■ WHAT IS NEEDED:
Transcribe the whole listing below. Pictures do not go in the copy.
----
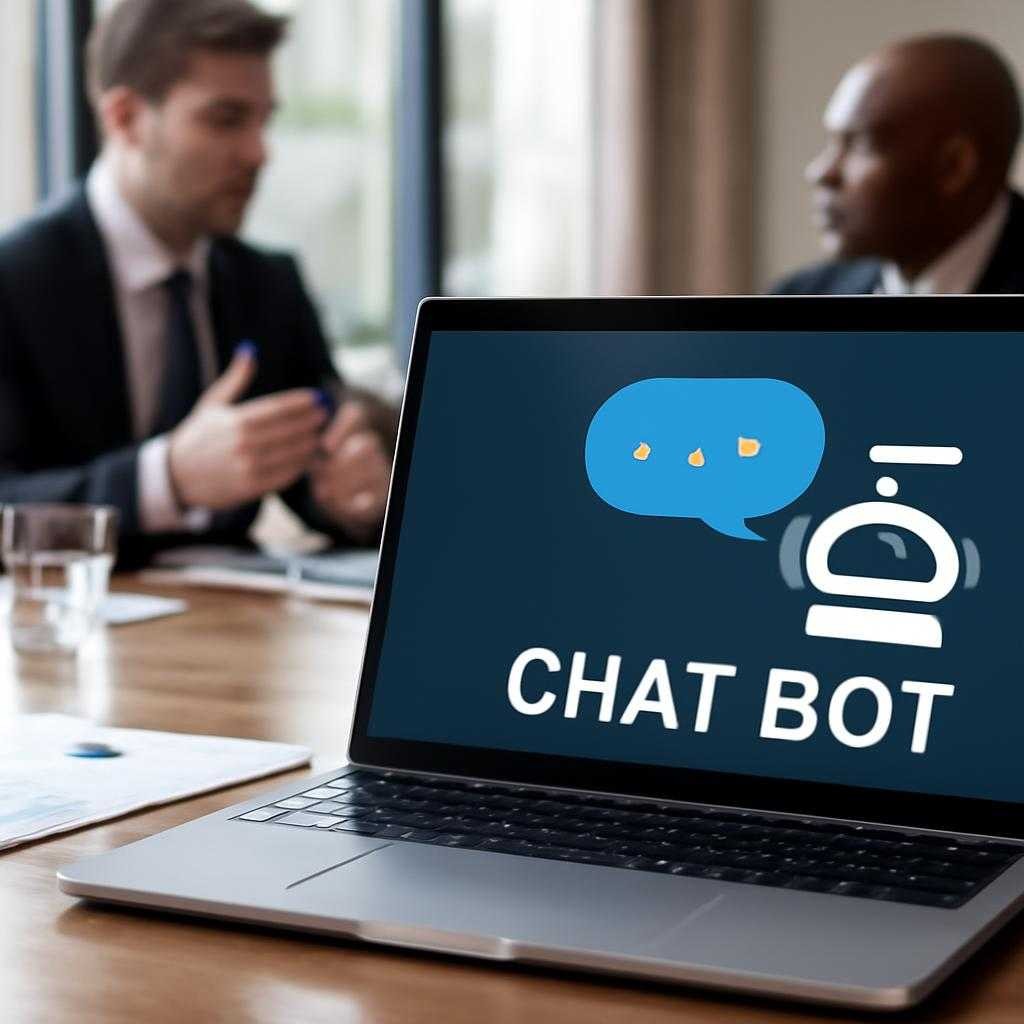эффект внедрения чат-бота в B2B-продажах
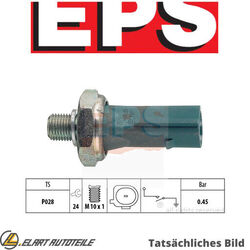 ÖLDRUCKSCHALTER FÜR AUDI PORSCHE BENTLEY VW A6 AVANT 4G5 4GD C7 CRDB CWUB EPS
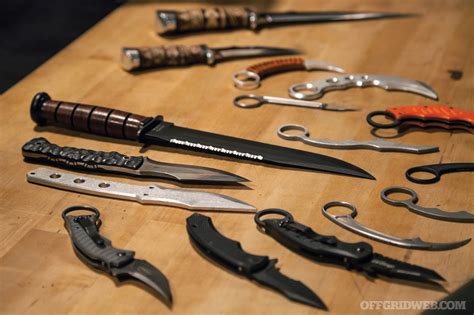 Doug Marcaida Spotlight – Into the Fire | RECOIL OFFGRID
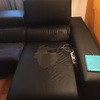 Tapizado sofa-chaisse longue
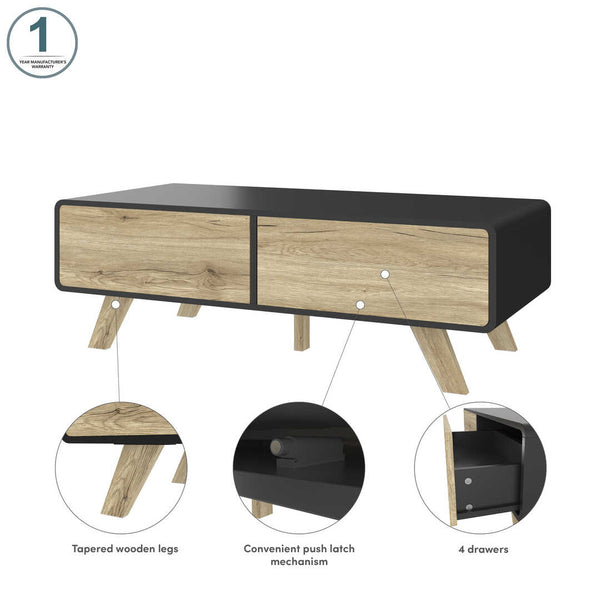 Table à café 48L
----
■ SOLUTION FOR THIS EXERCISE:
эффект внедрения чат-бота в B2B-продажах
 ÖLDRUCKSCHALTER FÜR AUDI PORSCHE BENTLEY VW A6 AVANT 4G5 4GD C7 CRDB CWUB EPS
 Doug Marcaida Spotlight – Into the Fire | RECOIL OFFGRID
 Tapizado sofa-chaisse longue
 Table à café 48L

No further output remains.